The dismissal of University of Guyana lecturer Freddie Kissoon earlier this year, triggered a series of actions that brought the ongoing crisis at the University of Guyana – the debilitating result of decades of politicization of the Council – to public attention. Since then, committed staff, students and faculty have launched Operation Rescue UG. An online petition calling for the replacement of non-academic members of the governing council, will I believe be submitted to all political parties this week. The urgency of this matter should not be underestimated, as the term of the current Council expires next Monday March 30th.
This column is written as a tribute to those who are standing their ground at the University of Guyana, and shares with the last two diaspora columns authored by Rory Fraser, the sense of hope, excitement and possibility for new beginnings.
It has taken me longer than usual to write this column because I was trying to craft rational arguments about the importance of academic freedom and resources (which I believe in fully, don’t get me wrong), and finding myself turning to our poets and novelists to help me ‘language’ what I really wanted to say.
The crisis at UG is symptomatic of something gone terribly wrong.

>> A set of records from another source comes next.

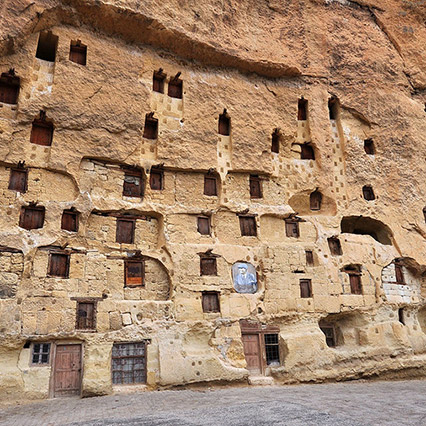 Getreidespeicher von Taşkale & Manazan-Höhlen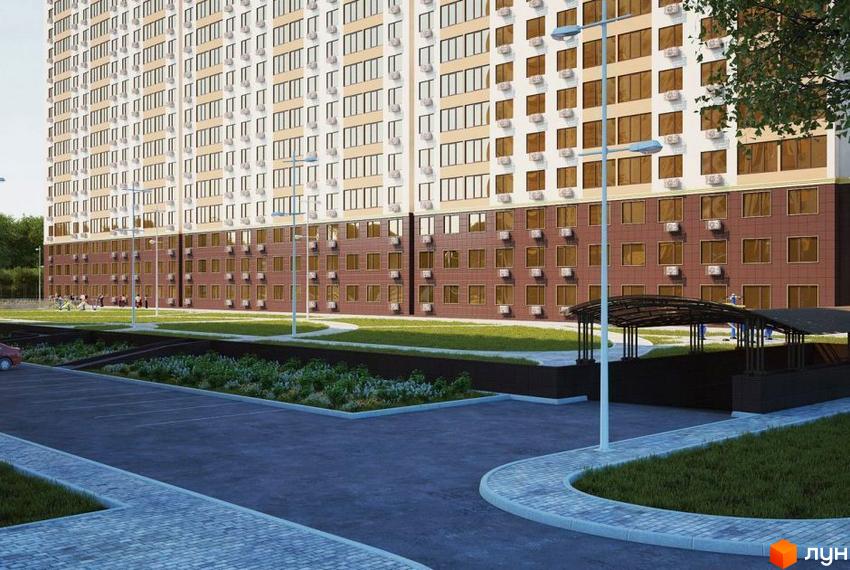 Висотна будівля житлового комплексу з великою кількістю вікон. На передньому плані парковка та зелені насадження.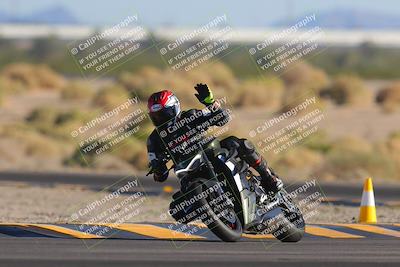 media/Nov-06-2023-Moto Forza (Mon) [[ce023d0744]]/3-Intermediate Group/Session 5 (Turn 4)/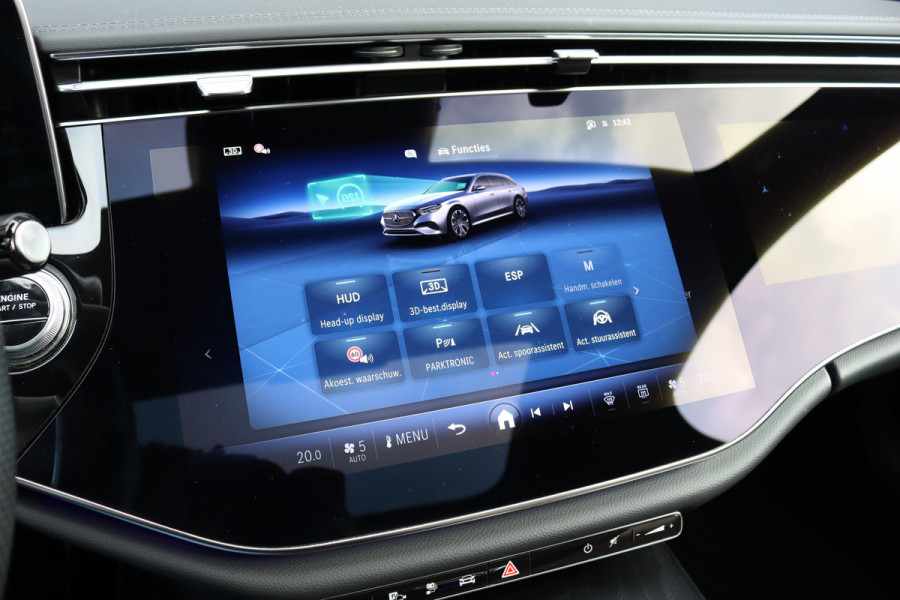 Mercedes-Benz E-Klasse Estate 300 de AMG Line | MBUX Hyperscreen | Distronic+ | Burmester 4D | Memory | Stoelventilatie | 3D-Display | HUD | Trekhaak | Digital Light | Surround Camera |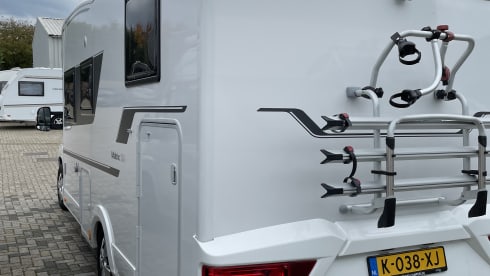 D-way to Travel – 4p Adria Mobil semi-integrated from 2020
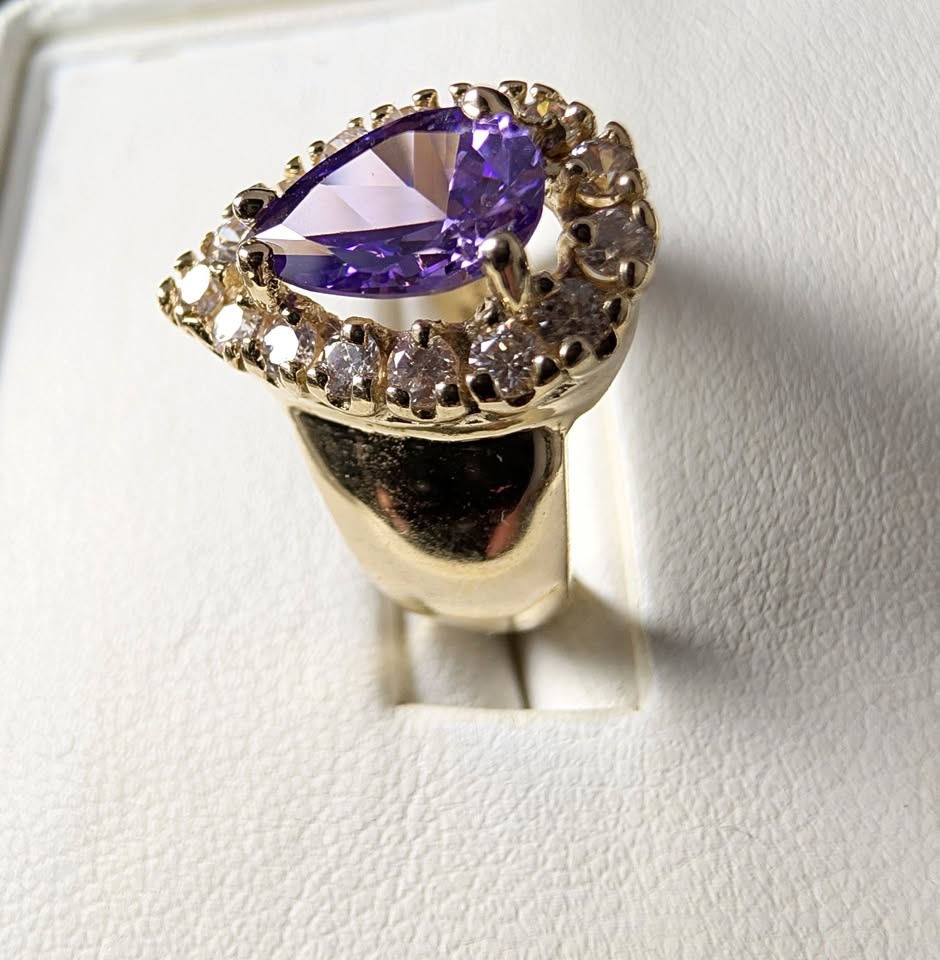 Amethyst Ring - 10K Yellow Gold, 1.25ct Pear Amethyst, CZ Accent - photo 3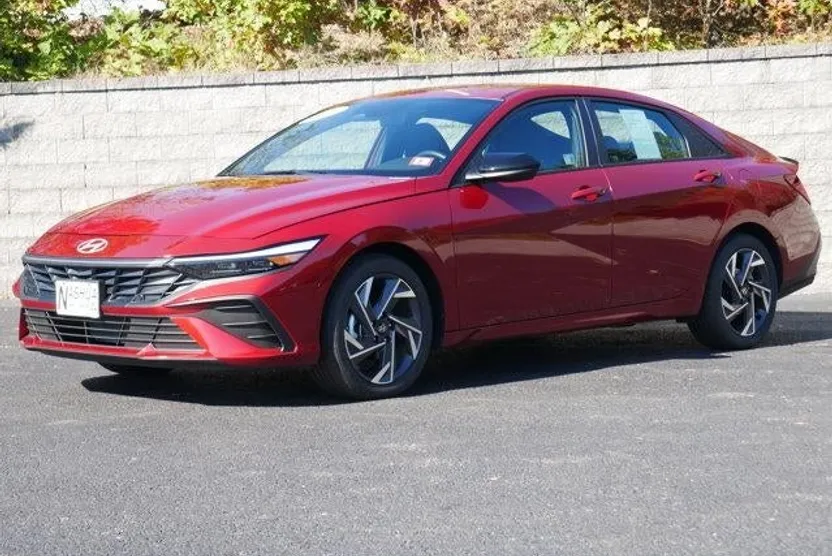2025 Hyundai Elantra SEL Sport photo 1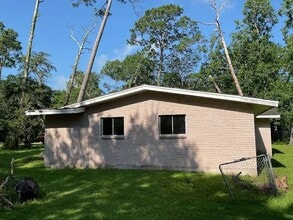 Building Photo - 3515 Elm Dr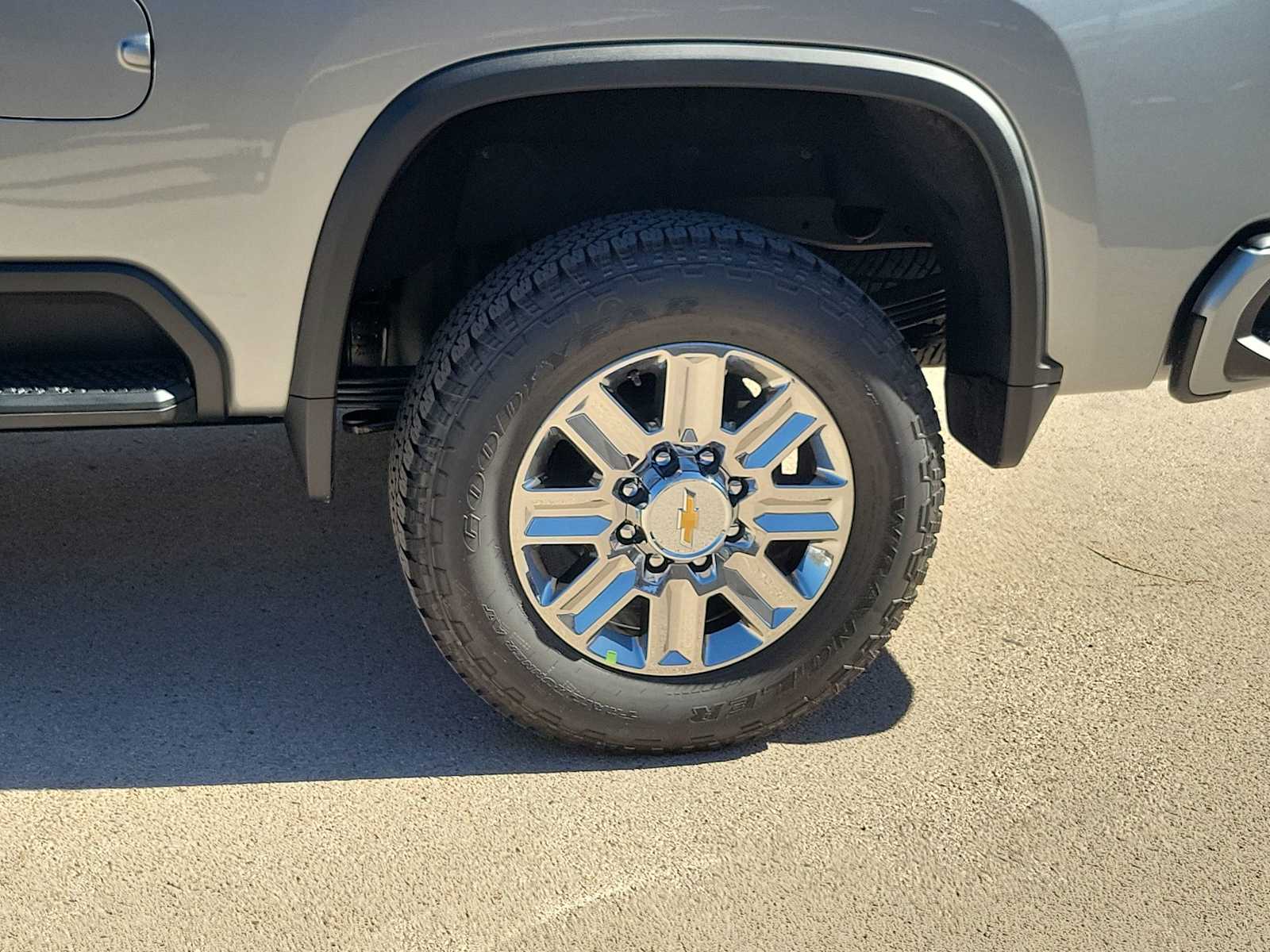 Thumbnail: 2026 Chevrolet Silverado 2500 - 8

We are awash in mediocrity, and I am not measuring it in terms of an obsession with qualifications (the farmer in a flooded village can tell us way more how to protect our fragile coast than the best paid consultant flown in to the country for the first time). No. What I mean is something deeper, a spiritual and psychic crisis that comes from participating in a system that bows down to petty power, that fears the uninhibited joy, endless curiosity and relentless inquiry that children display best and that we need in our everyday encounters with each other, because of the beauty and boundless horizons of political possibility that they manifest. This mediocrity, which has become our normal, is not all that we can or should aspire to, because it subscribes to the narrowest and most deforming notions of power. Power that rewards a few, that comes at the expense of others, that requires you always to have your foot on someone else’s neck.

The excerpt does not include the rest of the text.